Foto: Carlos Atienza

Invierno en Santa Lucía. Jose en primer plano, al fondo, ‘el italiano’

Entrada la primavera, uno de ellos había muerto, tras dos días de agonía, a un lado de la puerta central, de donde fue retirado su cuerpo una mañana temprano. Otro fue internado en un centro asistencial, y un tercero ingresó en un centro penitenciario para cumplir una condena pendiente. El cuarto, de nombre Jose, se resistía a abandonar los soportales de la iglesia.

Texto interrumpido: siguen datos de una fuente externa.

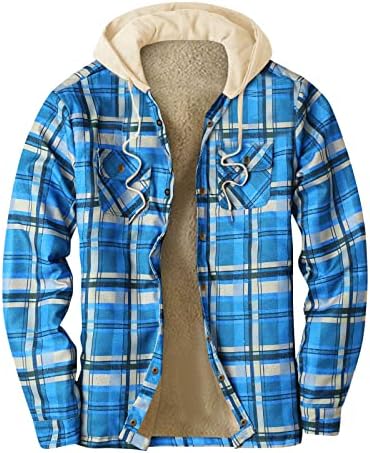 O outono masculino e o inverno de bolso xadrez acolchoado de camisa solta casacos de casacos masculinos 3x
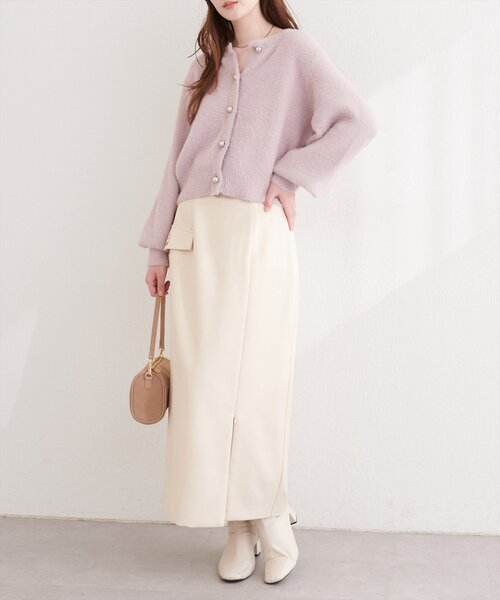 natural couture（ナチュラルクチュール）の「ころりん釦クルーネックシャギーカーディガン（カーディガン/ボレロ・レディース・ネイビー/ピンク/アイボリー/グレイッシュベージュ/サックスブルー/チャコールグレー・FREE）」の18枚目の写真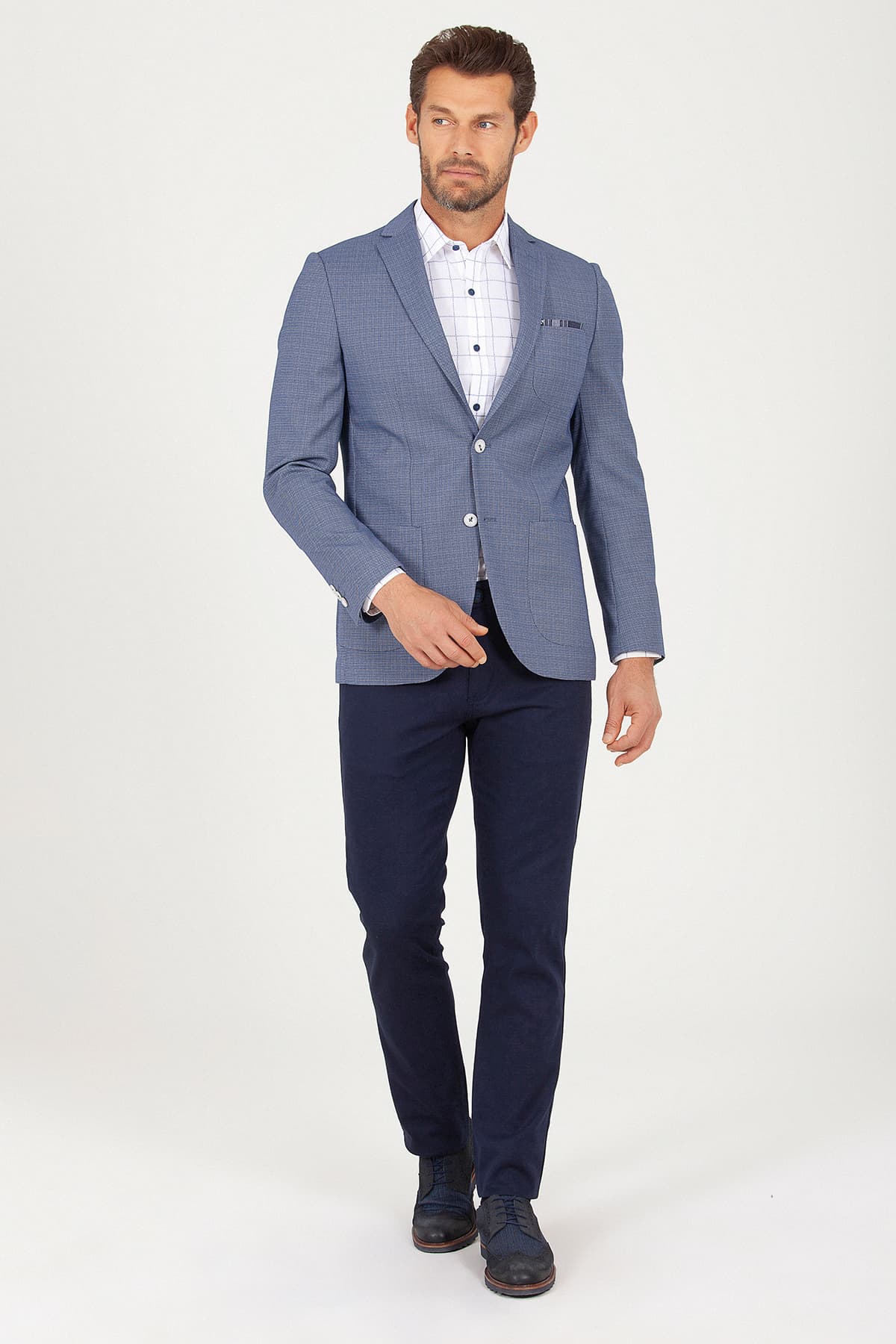 Slim Fit Notch Lapel Blue Casual Blazer - SAYKI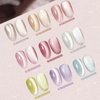 Gsnagole Silk Cat Eye Gel Nail Polish Set Of 9 Colors Ceramic Moonlight Glitter Reflective Shimmer White Orange Green Blue Purple Red Jelly Magnetic French Gel Polish Kit (Full Set Of 9 Colors)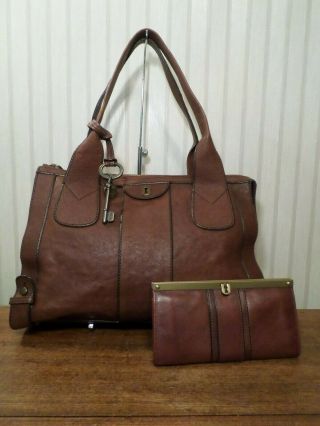 Fossil Vintage Reissue Brown Leather Satchel Shoulder Handbag & Wallet Euc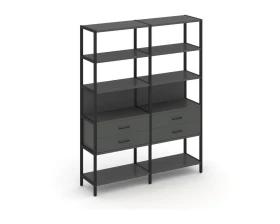 Двухсекционный стеллаж пятиярусный с ящиками 1590х400х1980 Шелф Систем / Shelf System images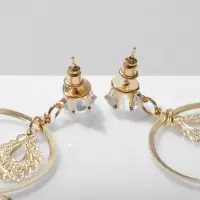 Серьги висячие &laquo;Капли&raquo; ажурные на кольцах, цвет белый в золоте, 11,5 см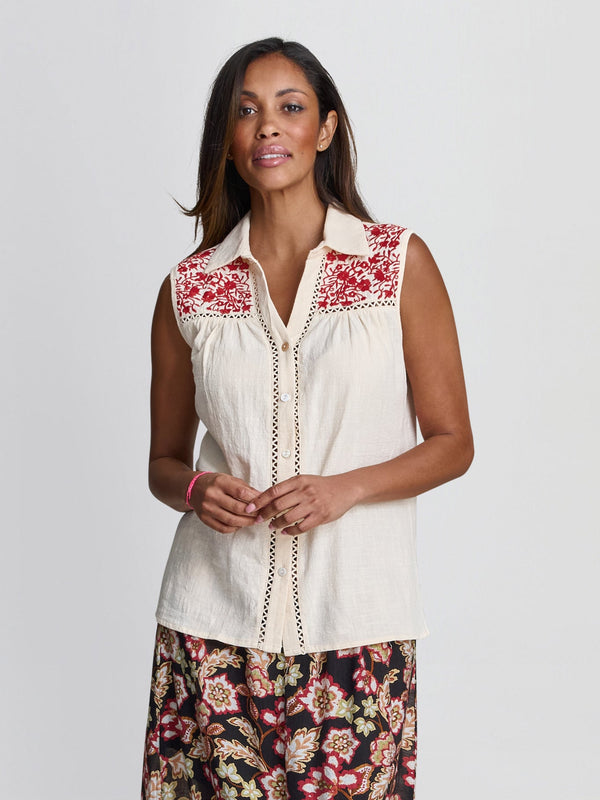 gina bacconi Claude embroidered cotton sleeveless shirt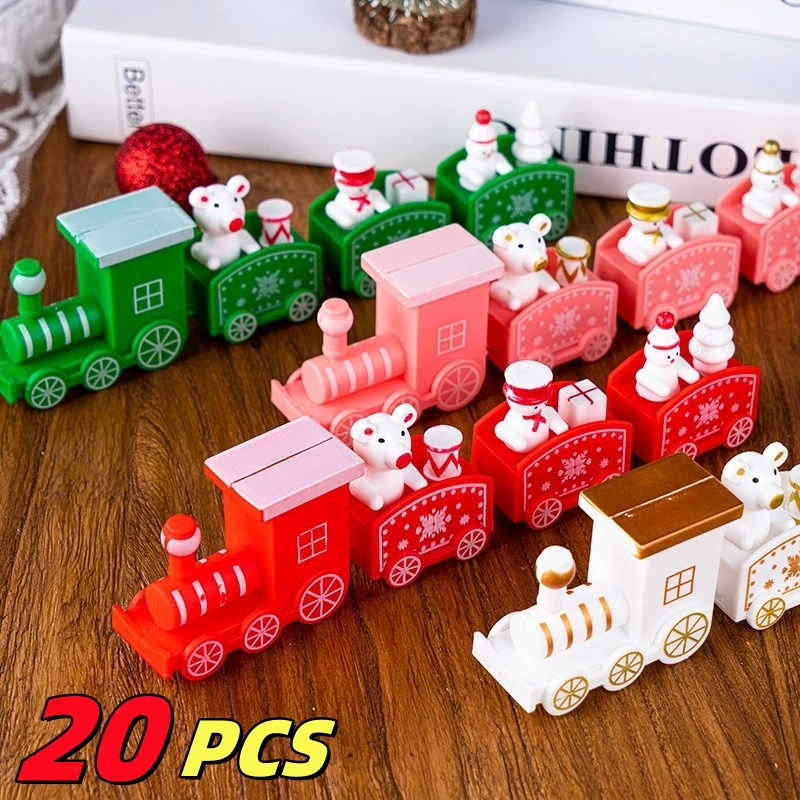 1-20PCS New Year Train Christmas Ornament Merry Christmas Decoration For Home Table Xmas Gifts Natal Navidad Happy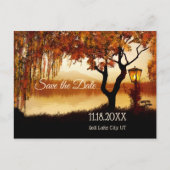 Houten herfstmeer uitzicht Save the Date-ansichtka Aankondigingskaart (Voorkant)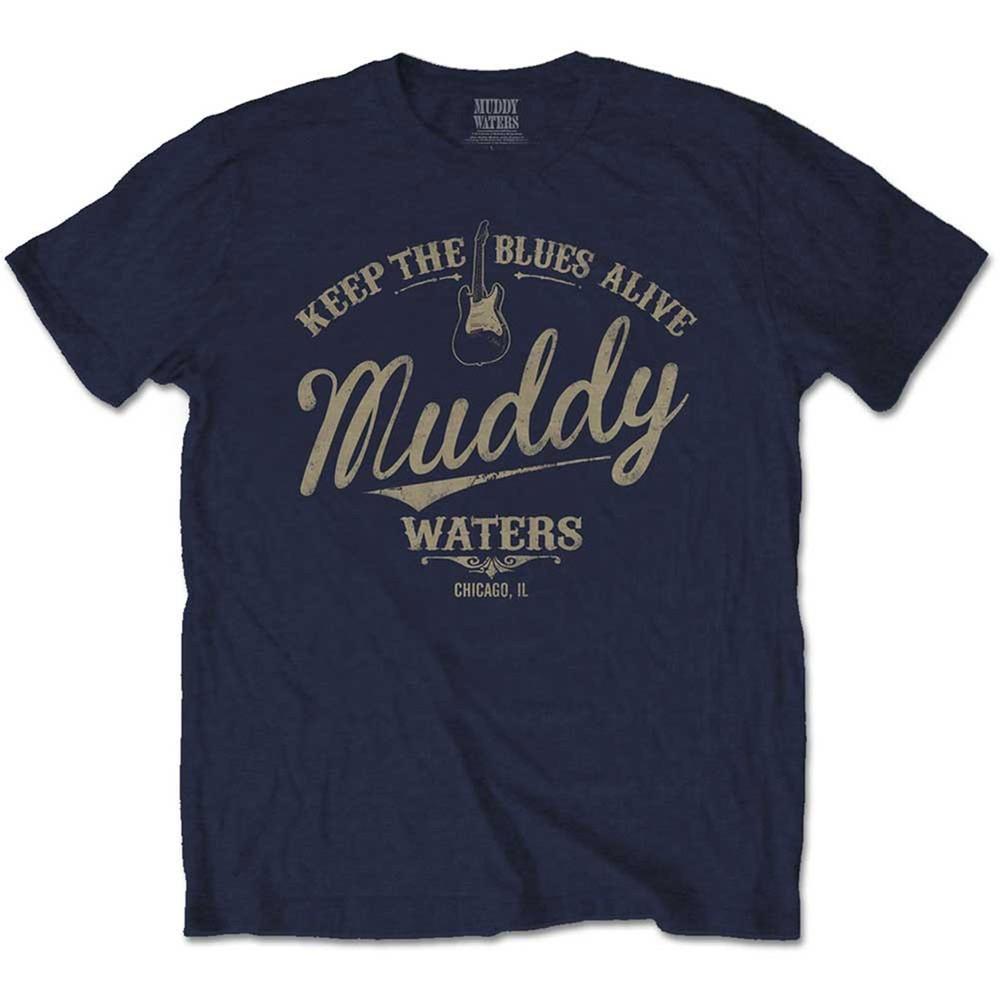 Muddy Waters Keep The Blues Alive Slim Fit T-shirt Medium Navy Unisex T-Shirt S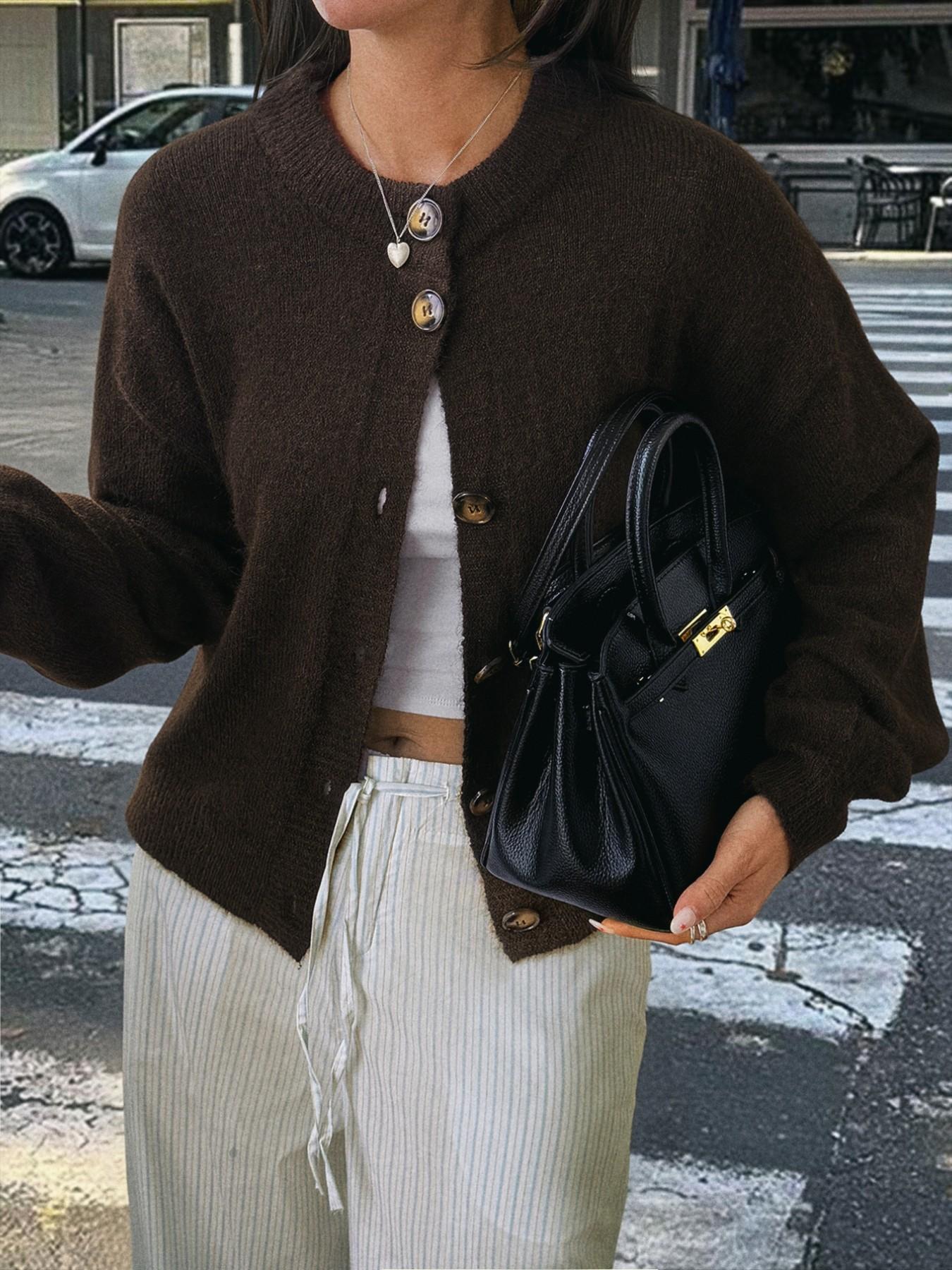 Autumn Winter New Retro Round Neck Solid Color Short Knitted Cardigan, Loose Long Sleeve Button Front Sweater Coat, Casual Daily Wear Women's Top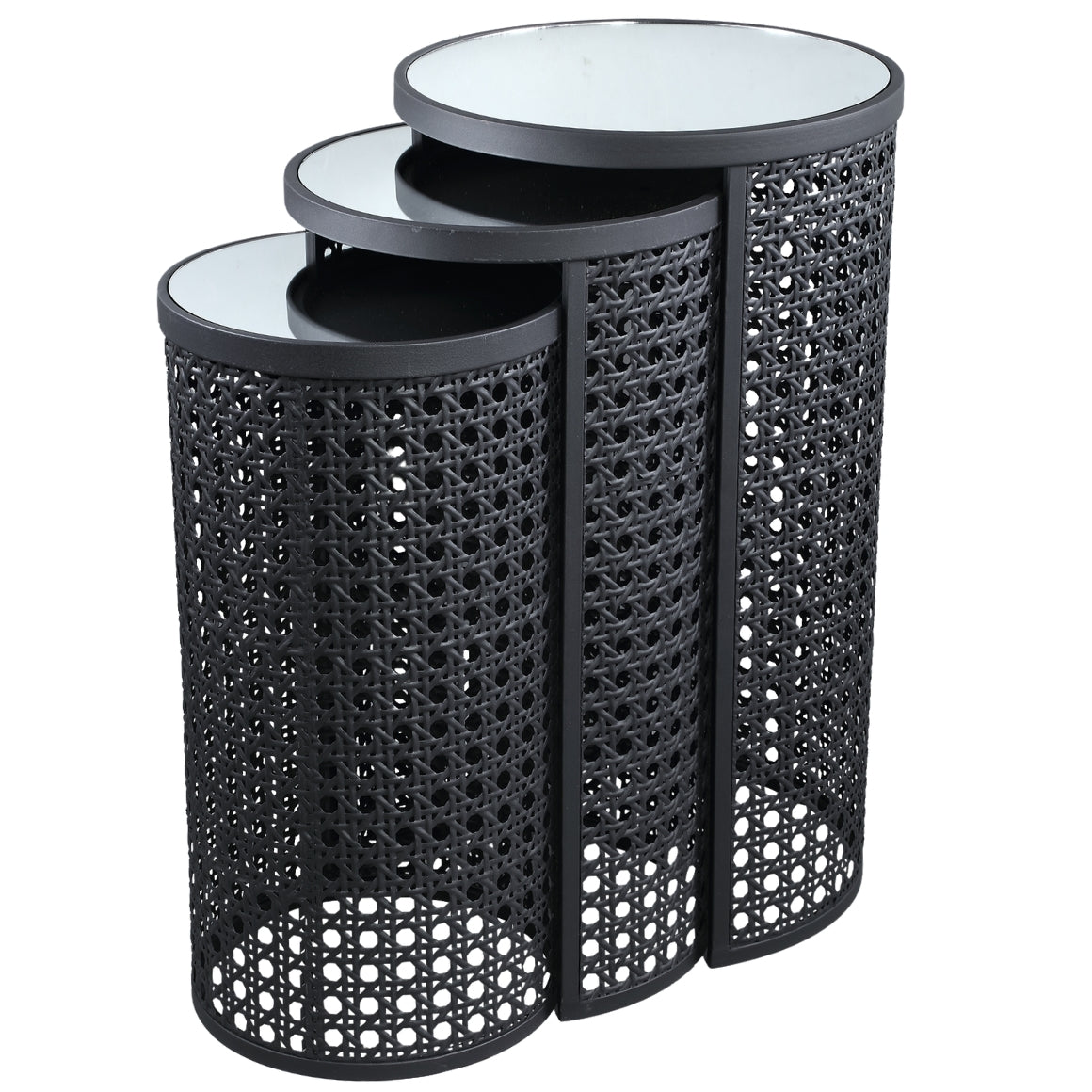 COFFEE TABLE BLACK 70 CM 3 PCS SET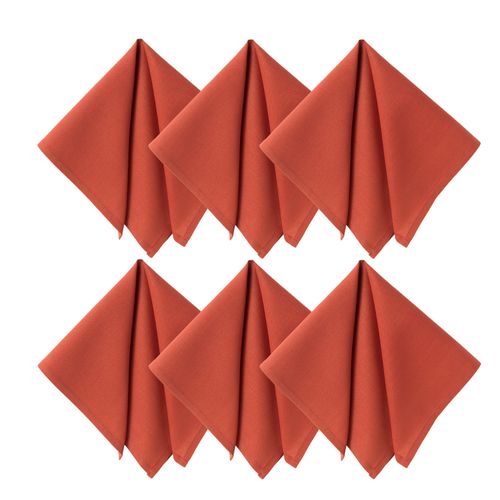 Serviette De Table 43x43 Orange Terracotta En Coton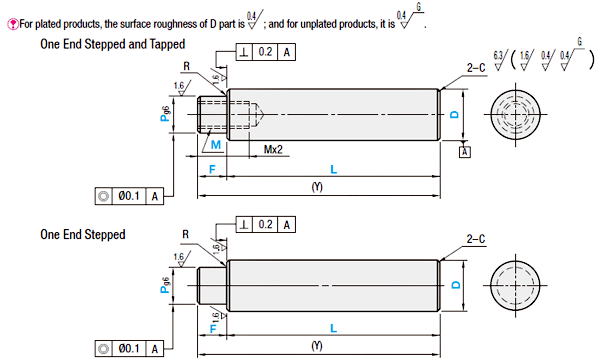 Linear Shafts-One End Male Thread with Thread Dia. Equal to Shaft Dia.-:Related Image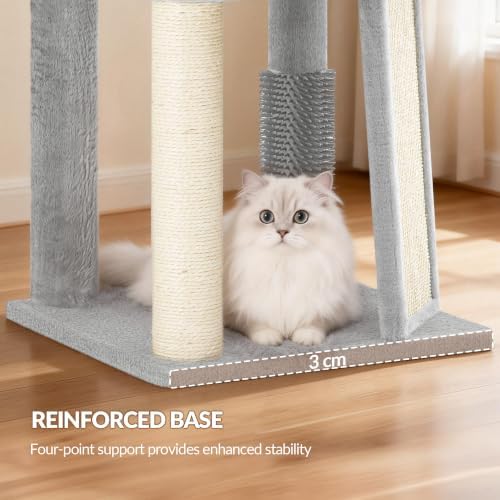 Small Cat Tree with Cat Scratching Post, 18.9 in Tower Light Gray - Image 7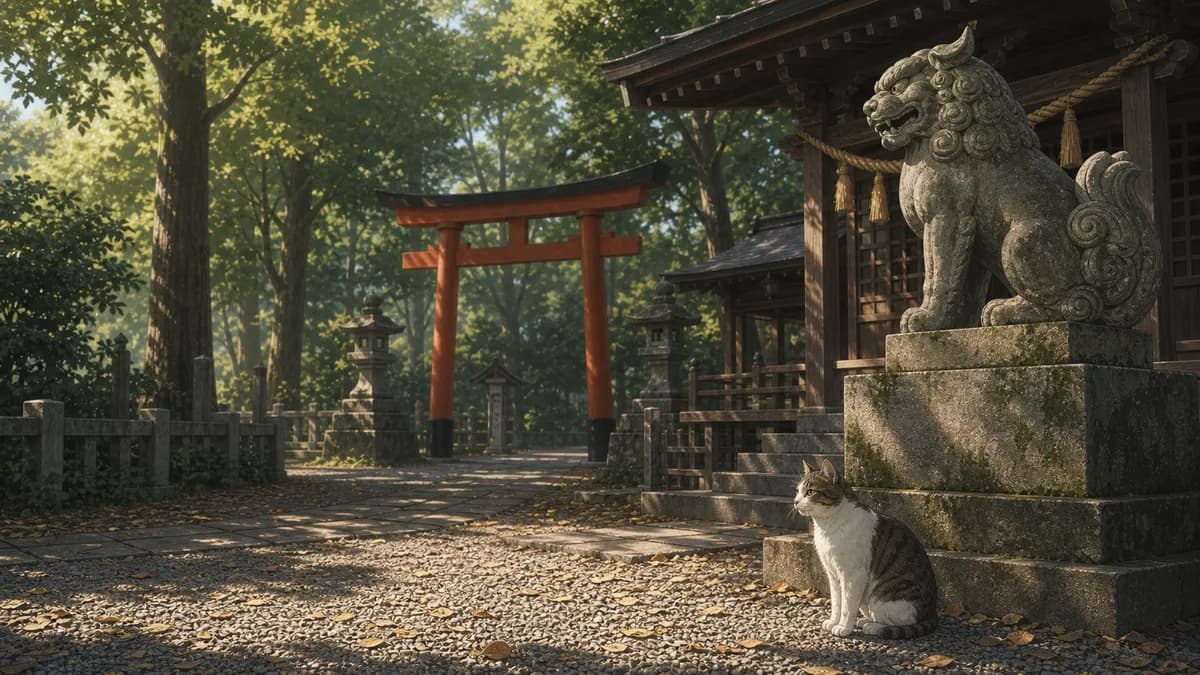 A local shrine in the morning, beside the komainu guardian statues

Había pasado gran parte de su vida en reformatorios primero, y en la cárcel después, pagando por delitos cometidos en un pasado marcado por la pobreza, la marginación y las drogas. Tanto tiempo pasó entre rejas que desarrolló una gran aversión por los sitios cerrados. Durmiendo sobre sus cartones, Jose, que se declara creyente, se sentía finalmente libre y en paz. Para disgusto del párroco, que no soportaba la imagen de aquellos pobres que degradaban la entrada de su iglesia. Jose soportó muchas quejas y algunas amenazas de aquel cura, incluida la de instalar unas rejas, otras más, para impedir que pudiera refugiarse en los soportales. Finalmente, ante la presión constante, Jose cedió y abandonó su rincón a cambio de una ayuda para buscar cobijo bajo otro techo.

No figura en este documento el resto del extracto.